Yapay Zeka (AI) ve Makine Öğrenimi (ML) gibi yenilikçi sektörlerden oluşan ve hem kamu hem de özel sektör kurumlarını içeren segmentte ise ara bağlantı bant genişliğinin 2019-2023 arasında %47 yıllık bileşik büyüme oranına (CAGR) ulaşacağı tahmin ediliyor. Bu kapsamda, sağlık, yaşam bilimleri (lifesciences), hükümet ve eğitim kurumlarının, ara bağlantı hızlarını arttırma konusunda başı çekecek geleneksel işletmeler olması bekleniyor.
İşletmeler, “ağ etkisi”nden faydalanıyor
İşletmeler, en çok kullanıcıya, servis sağlayıcıya erişebildiği ve ticari faaliyetlerin yoğun olduğu lokasyonlarda bulunarak dijital avantajlarını en üst düzeye çıkarıyor. Bu süreç "ağ etkisi" olarak adlandırılıyor. IDC'ye göre, 2025 yılına kadar dijital liderlerin %80'i, son müşterilerine sunduğu hizmet değerini artırmak dâhil birçok farklı alanda birden fazla ekosisteme bağlı olmanın etkisini görecek.

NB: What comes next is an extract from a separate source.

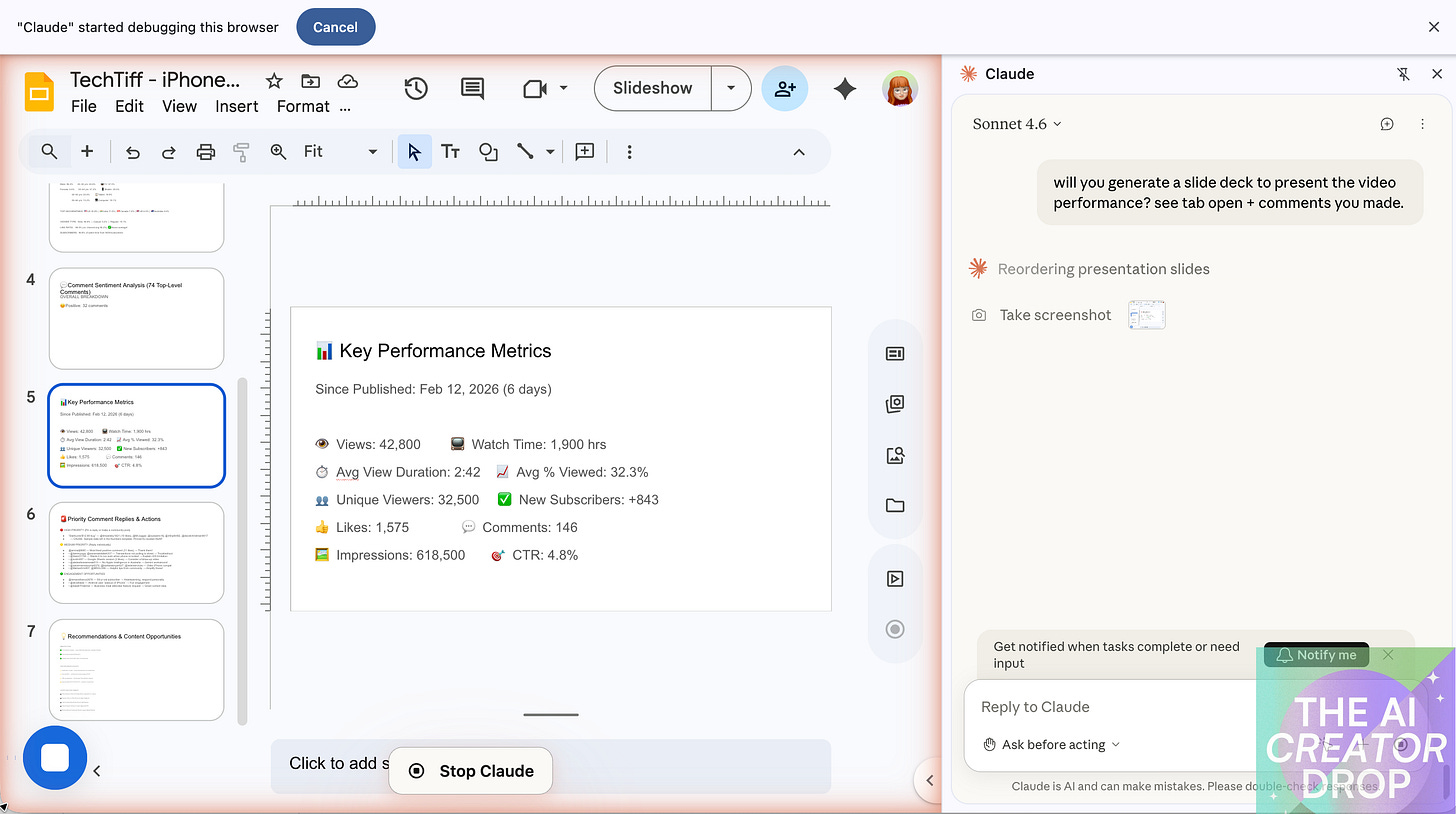 Screenshot of Google Slides showing a “Key Performance Metrics” slide with video analytics (views, watch time, subscribers, CTR), while Claude’s side panel displays Sonnet 4.6 actively reordering presentation slides after being prompted to generate a deck from YouTube analytics.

Dijital ekosistemlerde, gerçek zamanlı etkileşimi desteklemek için uygulama değişimi hem önemli hem de gereklidir ve bu durum işletmeler için bir ağ etkisi yaratır. GXI’ın 4. Sayısı, hizmet sağlayıcılardan ağlara ve bulut/bilişim teknolojisi hizmet sağlayıcılarına olan bağlanabilirliği 2019'dan 2023'e kadar tahmini olarak %49'luk yıllık bileşik büyüme oranı (CAGR) etkisi ile ekosistem ara bağlantısının iki ana kaynağı olacağını öngörüyor.